#### [EXERCISE]
Transcribe all of the data exactly. Omit the pictures.

#### [GIVEN INFORMATION]
= = = = =
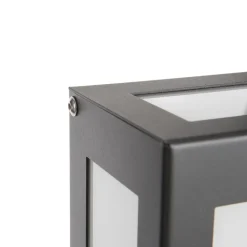 Aqua Rain udendørs LED-væglampe, sensor, antracit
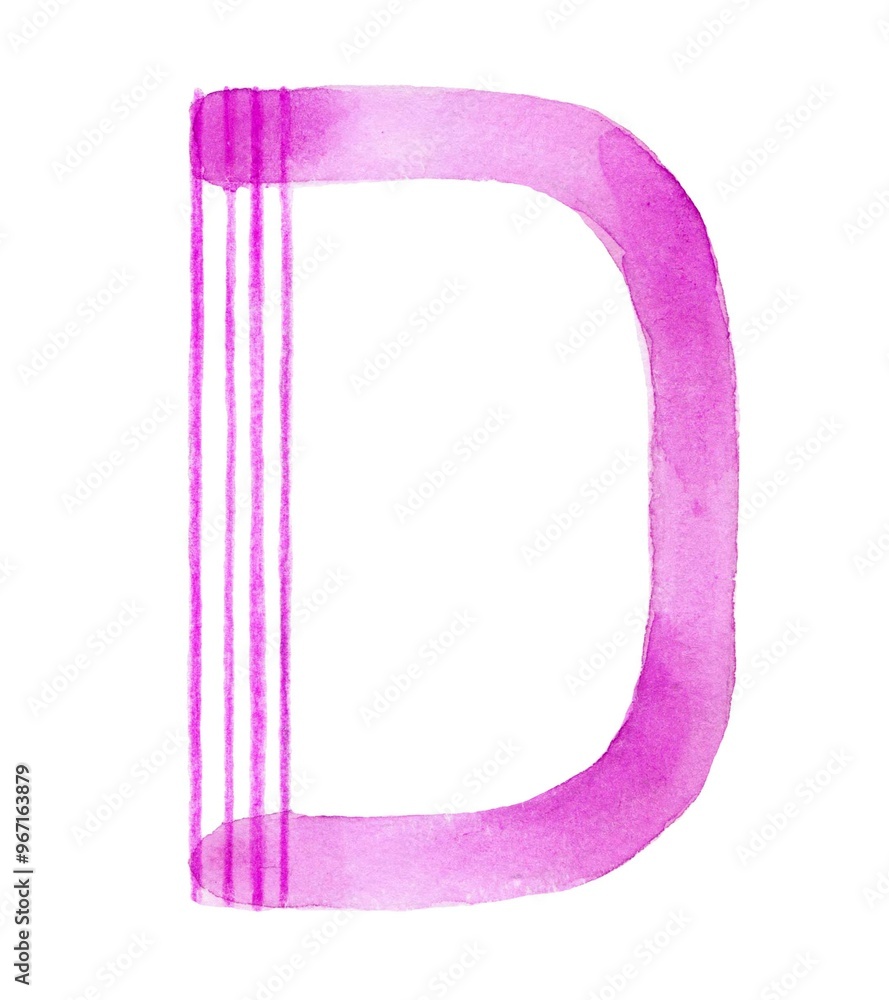 Artistic watercolor letter Artistic watercolor letter
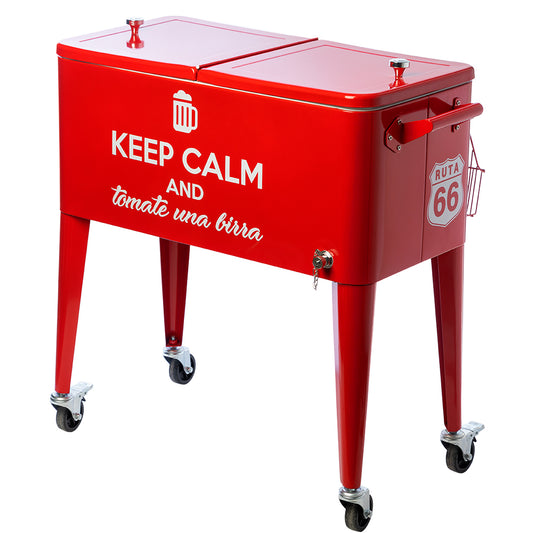 CONSERVADORA 80LTS COLOR ROJA - LUSQTOFF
= = = = =
#### [SOLUTION TO THE PROBLEM]
 Aqua Rain udendørs LED-væglampe, sensor, antracit
 Artistic watercolor letter Artistic watercolor letter
 CONSERVADORA 80LTS COLOR ROJA - LUSQTOFF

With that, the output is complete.